Sketch, Refine, Erase, Repeat
I enjoy drawing and painting in my spare time (which seems to come up about twice a year now). I'm no Picasso in any sense, and the thought of drawing something exactly as I want the first time I set pencil to paper is out of the question for me.
Ever since I was a young boy, I have begun every drawing by sketching many light lines to outline my subject. During this process, I try to shut down the critical part of my mind and simply commit a rough interpretation of the subject I have in mind to paper as quickly as possible. If I become too critical during this phase, I'm likely to lose the original spark that I wanted to capture in the first place.
After I've committed this rough mess to paper, I can usually figure out if there's any hope at all for it. Sometimes I realize that the drawing is going nowhere, and into the recycle bin it goes. However, more often than not, I will see something, and perhaps just one thing, that I like and will set to work salvaging it. I begin to sketch over it with slightly darker lines, emphasizing what I like and leaving what I don't in the faint lines originally drawn. Inevitably, the eraser comes out when I can no longer ignore the lines I don't like. This usually works out since the light, noncommittal lines are easiest to erase.

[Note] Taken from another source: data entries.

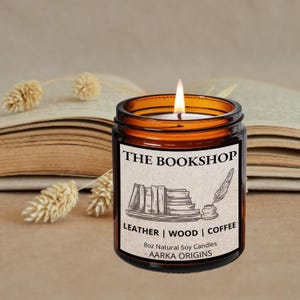 May include: A lit, amber-colored candle in a glass jar labeled "THE BOOKSHOP." The label features a sketch of books and a quill. The candle is 8oz and scented with leather, wood, and coffee. The candle sits in front of an open book.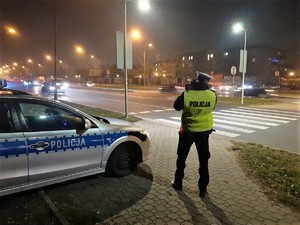 noc, policjant ruchu drogowego z laserowym miernikiem prędkości, obok zaparkowany oznakowany radiowóz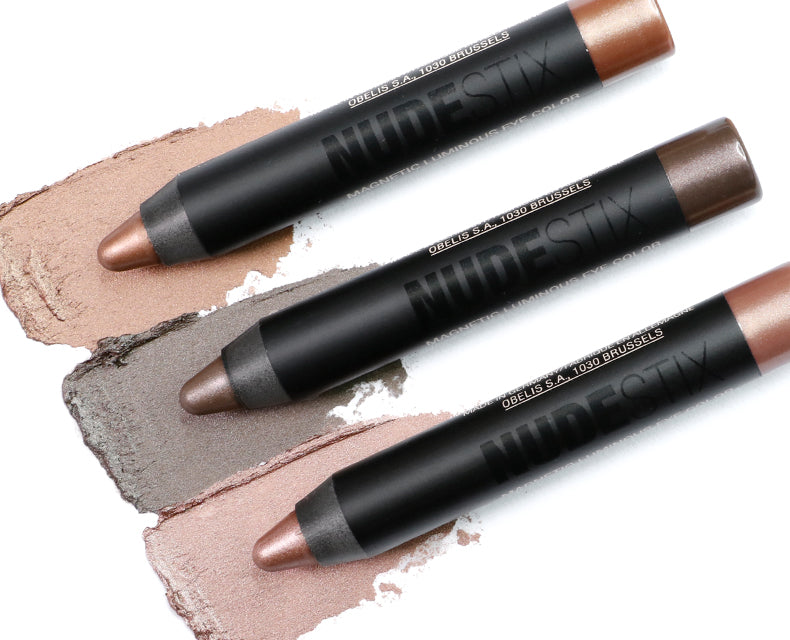 Swatches of eyeshadow pencils in Mini Nude Metallics Eye Kit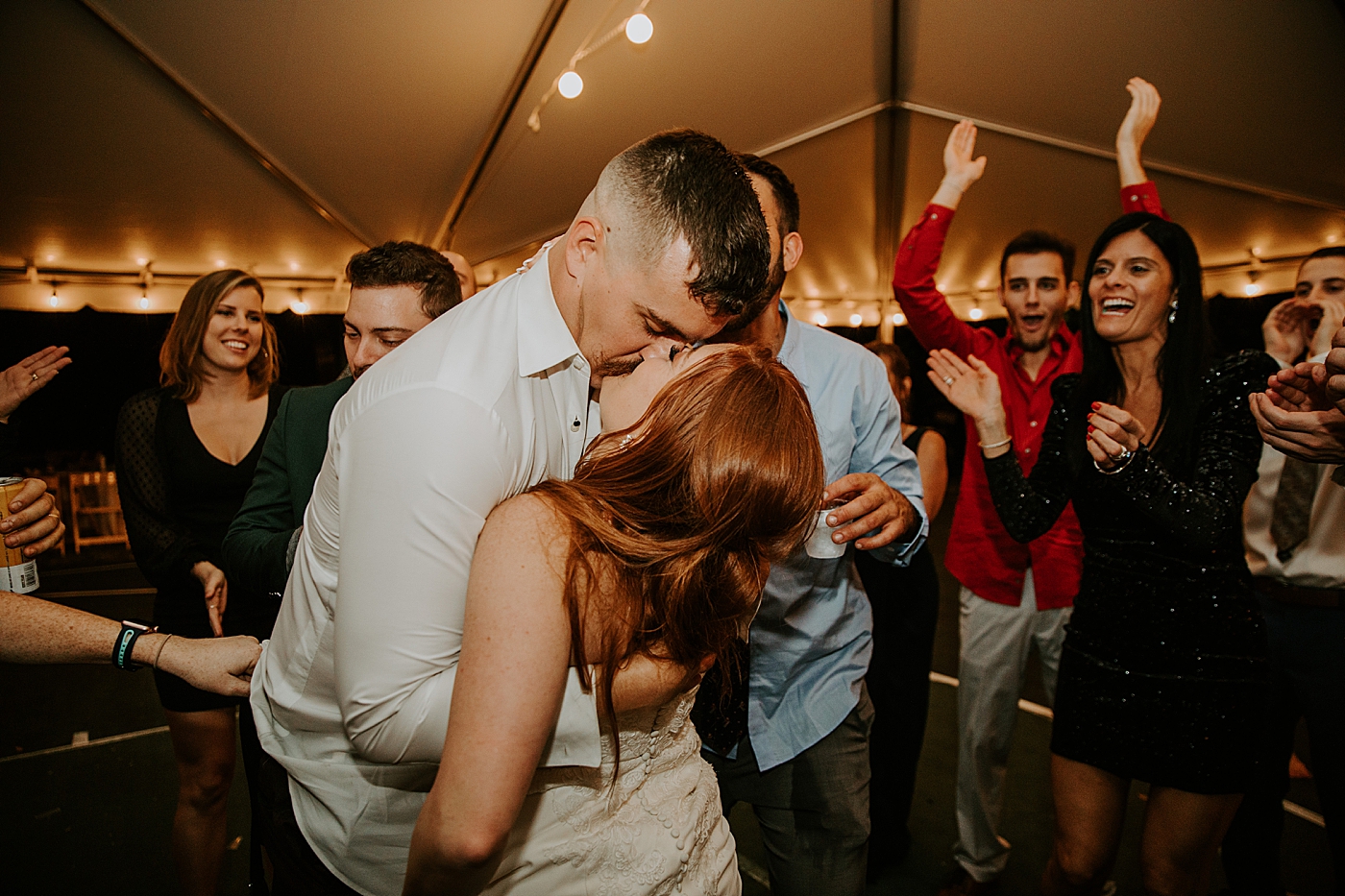 Bride and Groom kissing on the dance floor Bride entering ceremony with father BMR Stables Wedding Photography captured by South Florida Wedding Photographer Maggie Alvarez Photography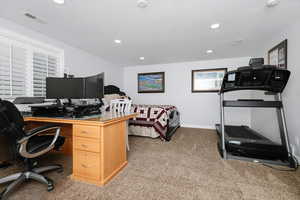 Home office featuring carpet floors and a textured ceiling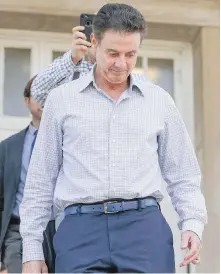  ??  ?? Louisville men’s basketball coach Rick Pitino leaves the school after meetings Wednesday.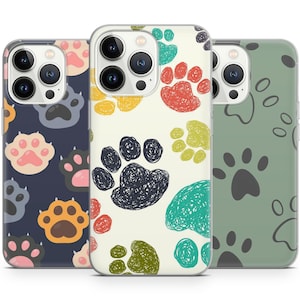 Op de afbeelding: Drie transparante telefoonhoesjes met verschillende potafdrukdesigns. De eerste hoes heeft een donkerblauwe achtergrond met witte, roze en bruine potafdrukken. De tweede hoes heeft een witte achtergrond met kleurrijke potafdrukken. De derde hoes heeft een groene achtergrond met zwarte potafdrukken.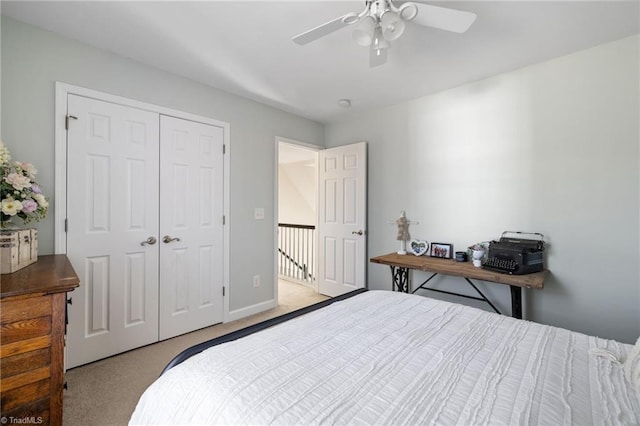 bedroom with a closet, baseboards, a ceiling fan, and carpet floors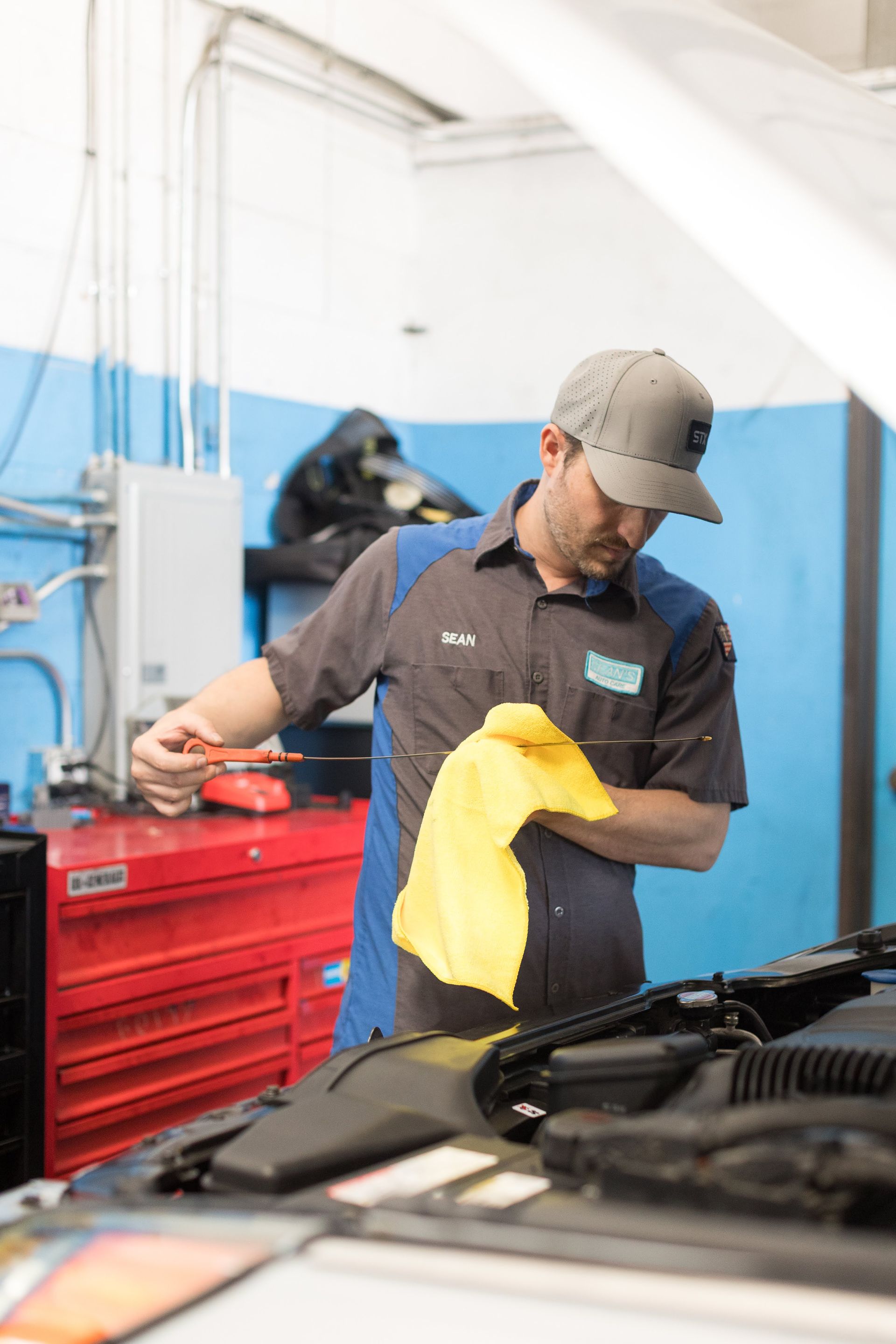 Mechanic in a garage wiping a car engine with a yellow cloth next to a red tool chest | Sean's Auto Care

I repeat this process of sketching, refining and erasing iteratively until I'm able to produce something halfway decent on a good day. I find that the end result of this process is always slightly different, and definitely more refined, than the spark of an idea that started the drawing in the first place. Of course, no amount of refinement can salvage an idea that was bad from the start, but hopefully I'm able to nip those bad ideas in the bud before I waste much time on them.
Code, Refine, Delete, Repeat
I've come to realize that I use a similar iterative process every time I need a creative solution to a problem. Since most software development (enjoyable software development, that is) calls for creative solutions to interesting problems, it often takes quite a few trips around this design spiral to reach a finished product. Furthermore, a successful product is never "finished", especially where web development is concerned, so it's pretty important to enjoy those trips.
I've used quite a few web development technologies in my career already. Scripting frameworks, such as ASP, PHP and JSP, have always felt too unstructured, and therefore make it difficult to build anything with a foundation of much complexity. On the other hand, Java-based frameworks, such as Struts and JavaServer Faces, provide a solid foundation for complex applications. However, this foundation is so heavy that every walk around the design spiral feels like a forced march through quicksand.
Early last year I discovered Ruby on Rails and finally found a language and web framework with enough structure to build a solid foundation for complex web applications, yet with enough agility to make refining those apps a joy instead of a chore.
The Ruby language is remarkably expressive yet concise. It's been said that it works with you instead of against you. It is because of Ruby that the initial spark of an idea can flow into an application so quickly and easily. It's also because of the flexibility of Ruby that a framework like Rails even exists.
Rails provides the cleanest separation of model, view and controller I've seen in any web framework. This clean separation of roles within an application means that there is little, if any, repetition of code. This lack of repitition means that refinements can be made to an application by working just at the level (or levels) that needs refinement.
When I'm working in Ruby on Rails, I feel like I'm sketching with well sharpened pencils on quality paper, with a good eraser by my side. I'm able to rough out my idea very quickly to see if it has merit. If not, the application can be tossed without too much grief, because a minimal amount of effort was expended initially. If things are working out, I'm able to refine what I like and delete what I don't, building up the same application from prototype to production with the tightest design spirals I've ever experienced developing software.
The only downside is that whenever I need to return to using other technologies, I feel like I'm forced to sketch using my trackball in MS Paint.